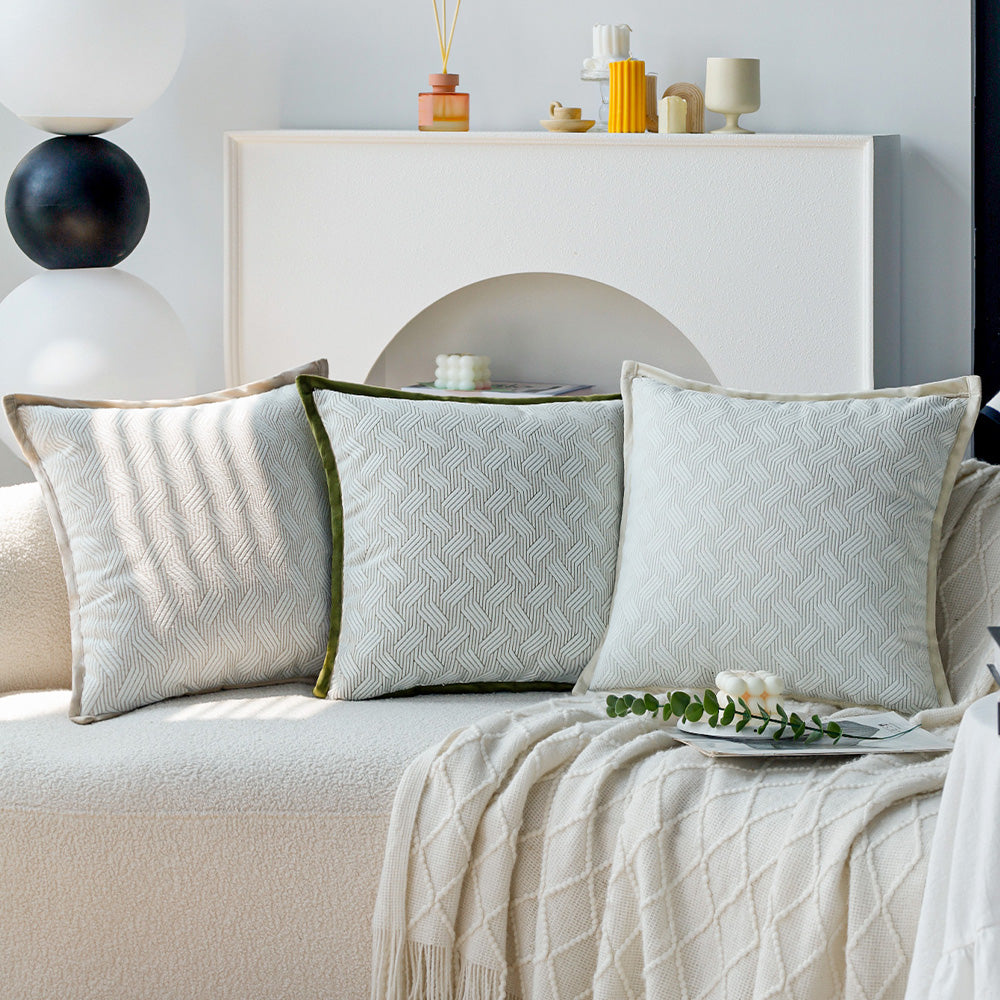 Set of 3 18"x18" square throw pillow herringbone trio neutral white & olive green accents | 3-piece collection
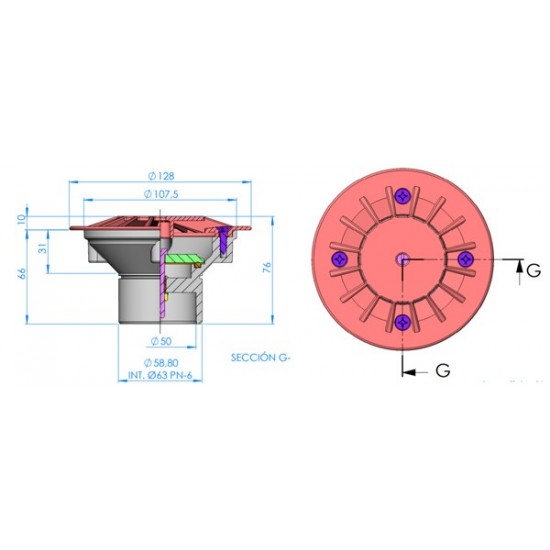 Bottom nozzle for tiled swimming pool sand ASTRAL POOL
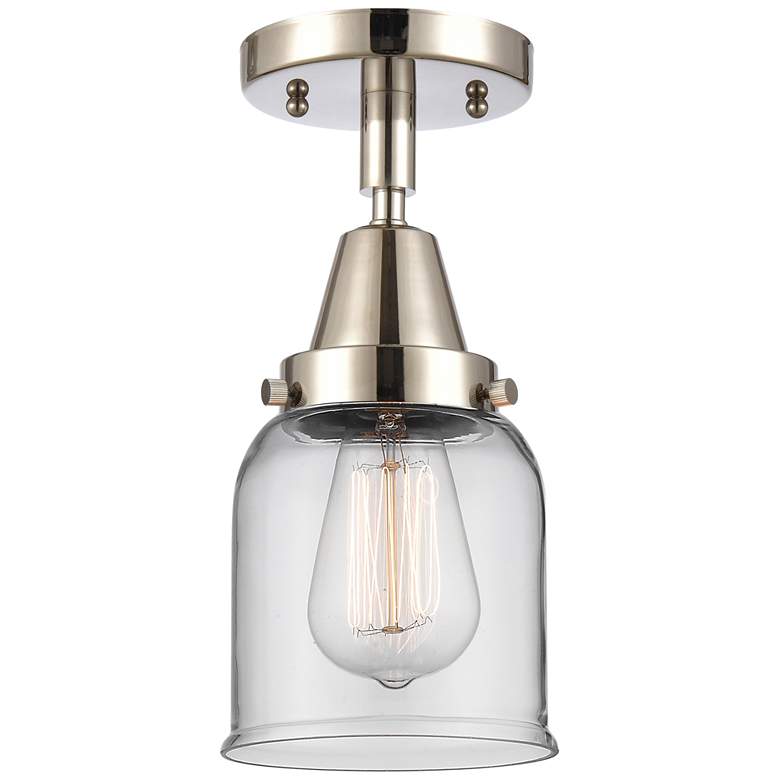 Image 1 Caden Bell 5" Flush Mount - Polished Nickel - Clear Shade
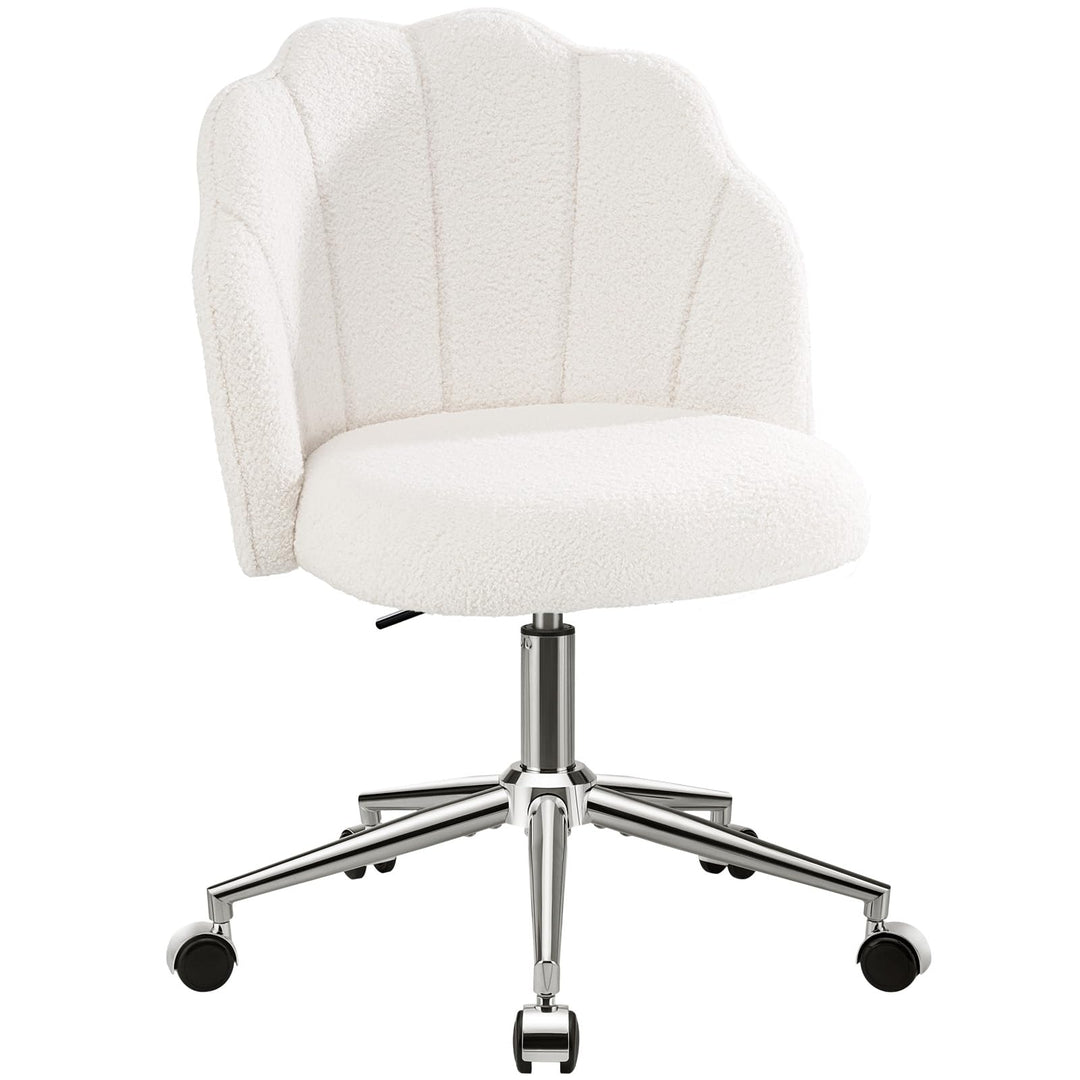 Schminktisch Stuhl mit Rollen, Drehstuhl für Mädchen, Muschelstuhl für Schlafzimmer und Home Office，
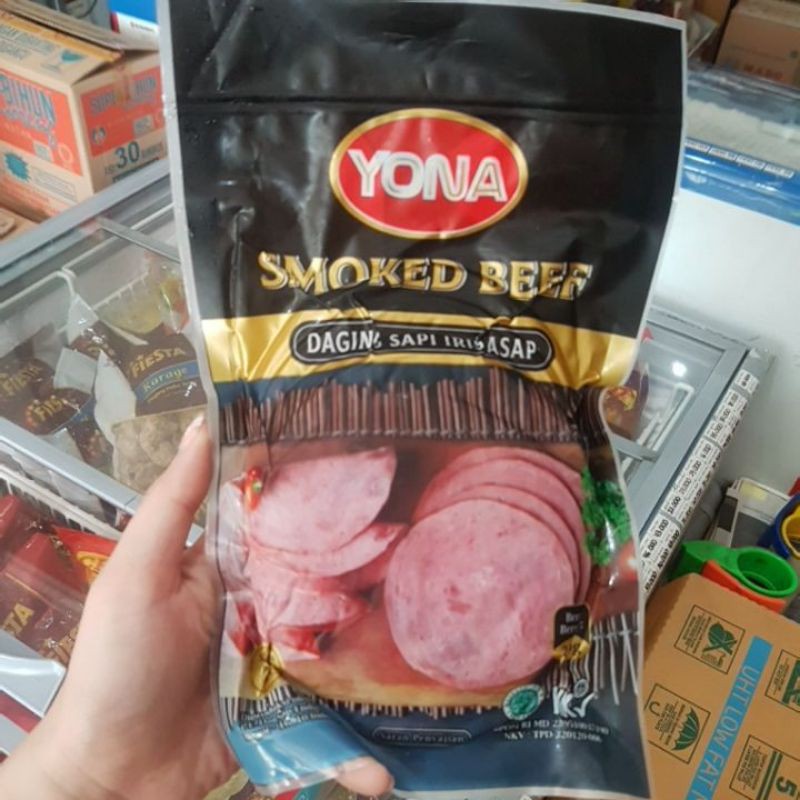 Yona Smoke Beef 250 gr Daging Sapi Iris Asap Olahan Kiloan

EXERCISE AIM >>
Transcribe all entries above exactly. Omit the pictures.

OUTPUT OF THE EXERCISE >>
 Set of 3 18"x18" square throw pillow herringbone trio neutral white & olive green accents | 3-piece collection
 Bottom nozzle for tiled swimming pool sand ASTRAL POOL
 Image 1 Caden Bell 5" Flush Mount - Polished Nickel - Clear Shade
 Schminktisch Stuhl mit Rollen, Drehstuhl für Mädchen, Muschelstuhl für Schlafzimmer und Home Office，
 Yona Smoke Beef 250 gr Daging Sapi Iris Asap Olahan Kiloan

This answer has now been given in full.